▶ WHAT TO PRODUCE: Beginning with the line that holds "large curved luxury paver driveway", set down each line of the data below through the very last, exactly as given, and nothing beyond that.
*** Block opens ***
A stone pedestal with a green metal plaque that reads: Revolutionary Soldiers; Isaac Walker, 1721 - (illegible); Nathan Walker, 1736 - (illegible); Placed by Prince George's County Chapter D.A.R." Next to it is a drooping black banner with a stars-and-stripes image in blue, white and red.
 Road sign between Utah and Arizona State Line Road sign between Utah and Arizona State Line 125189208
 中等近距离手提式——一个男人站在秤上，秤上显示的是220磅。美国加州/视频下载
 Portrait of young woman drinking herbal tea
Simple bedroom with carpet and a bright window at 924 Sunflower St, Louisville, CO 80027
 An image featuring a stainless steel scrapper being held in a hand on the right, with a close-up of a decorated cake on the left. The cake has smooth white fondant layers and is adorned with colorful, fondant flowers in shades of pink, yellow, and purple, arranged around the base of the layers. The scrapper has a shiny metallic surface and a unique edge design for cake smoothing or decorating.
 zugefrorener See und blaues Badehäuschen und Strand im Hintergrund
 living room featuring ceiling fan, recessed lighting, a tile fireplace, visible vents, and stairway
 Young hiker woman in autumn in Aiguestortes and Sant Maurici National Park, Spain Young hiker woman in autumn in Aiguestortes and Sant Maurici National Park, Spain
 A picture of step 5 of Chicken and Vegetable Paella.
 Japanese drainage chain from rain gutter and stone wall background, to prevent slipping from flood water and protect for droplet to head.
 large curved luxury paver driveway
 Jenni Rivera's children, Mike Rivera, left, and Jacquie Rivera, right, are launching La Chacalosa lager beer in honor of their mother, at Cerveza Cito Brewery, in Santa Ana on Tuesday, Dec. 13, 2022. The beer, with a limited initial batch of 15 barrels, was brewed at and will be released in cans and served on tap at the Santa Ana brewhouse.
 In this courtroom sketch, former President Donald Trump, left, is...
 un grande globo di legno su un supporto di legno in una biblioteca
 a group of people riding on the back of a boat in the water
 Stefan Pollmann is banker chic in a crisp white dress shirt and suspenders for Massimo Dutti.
*** Block closes ***
▶ THE ANSWER:
 large curved luxury paver driveway
 Jenni Rivera's children, Mike Rivera, left, and Jacquie Rivera, right, are launching La Chacalosa lager beer in honor of their mother, at Cerveza Cito Brewery, in Santa Ana on Tuesday, Dec. 13, 2022. The beer, with a limited initial batch of 15 barrels, was brewed at and will be released in cans and served on tap at the Santa Ana brewhouse.
 In this courtroom sketch, former President Donald Trump, left, is...
 un grande globo di legno su un supporto di legno in una biblioteca
 a group of people riding on the back of a boat in the water
 Stefan Pollmann is banker chic in a crisp white dress shirt and suspenders for Massimo Dutti.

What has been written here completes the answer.